The other common industrial method of producing an isothermal temperature profile, by means of agitators or equipment installed in the reaction chamber, cannot be used in the case of the three-phase sump-phase hydrogenation because of the dangerous formation of solid deposits on the equipment.
In industry, it is known that the principle of the loop-type bubble column reactor can be used to achieve an isothermal temperature profile in the reactor.
In this method, by means of a guide tube introduced vertically in the reactor, an intensive re-mixing of the reaction products is achieved, which causes a temperature equalization. For the extraction of the heat of reaction, the guide tube can be designed as a cooling jacket in the interior of the reactor, as in German Pat. No. DE-PS 859 444, which is incorporated herein by reference. In coal hydrogenation, however, a complete physical remixing, especially of the specific heavier reaction partner, is undesirable.
The recycling of the heavy or non-decomposable products (asphalts and pre-asphalts) in a loop-type bubble column has a negative effect on the chemical reaction which is similar to that of the external recycling of the high-asphalt sludge from the output of the last reactor to the input of the first reactor. In another process, with a loop-type bubble column and partial external recycling of products, the products with low boiling points (asphalts and pre-asphalts) are recirculated, as in German Pat.
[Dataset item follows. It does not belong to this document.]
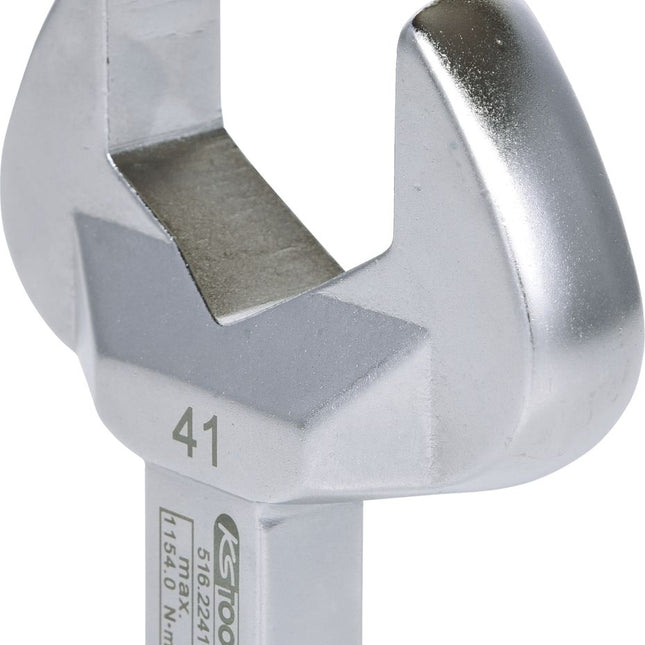 KS TOOLS 14x18mm Einsteck-Maulschlüssel, 41mm ( 516.2241 ) - Toolbrothers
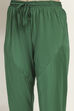 Green Modal Blend Kalidar Set image number 2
No. DE-PS 926 846, which is incorporated herein by reference. The latter two processes also have the disadvantage, as far as coal hydrogenation is concerned, that equipment installed in the reactor, for example, vertical guide tubes and an internal cooling system, especially where it presents physical flow obstructions, can frequently lead to deposits and carbonizations.
Some examples of gas cooling of other types of non-analogous reactors are found in U.S. Pat. Nos. 4,346,758, issued on Aug. 31, 1982; 4,158,637, issued on June 19, 1979; 4,045,285, issued on Aug. 30, 1977; and 4,021,298, issued on May 3, 1977, all of which are incorporated herein by reference.
Some examples of refining are provided in the following U.S. Pat. Nos. 4,485,003; 4,473,460; 4,444,698; 4,410,646; 4,406,744; 4,331,530; 4,221,654; 4,191,539; 4,123,502; 4,099,933; 4,057,402; 4,036,731; 3,953,180; 3,950,244; 3,926,775; 3,884,649; and 3,862,108. All of the aforementioned patents are incorporated herein by reference.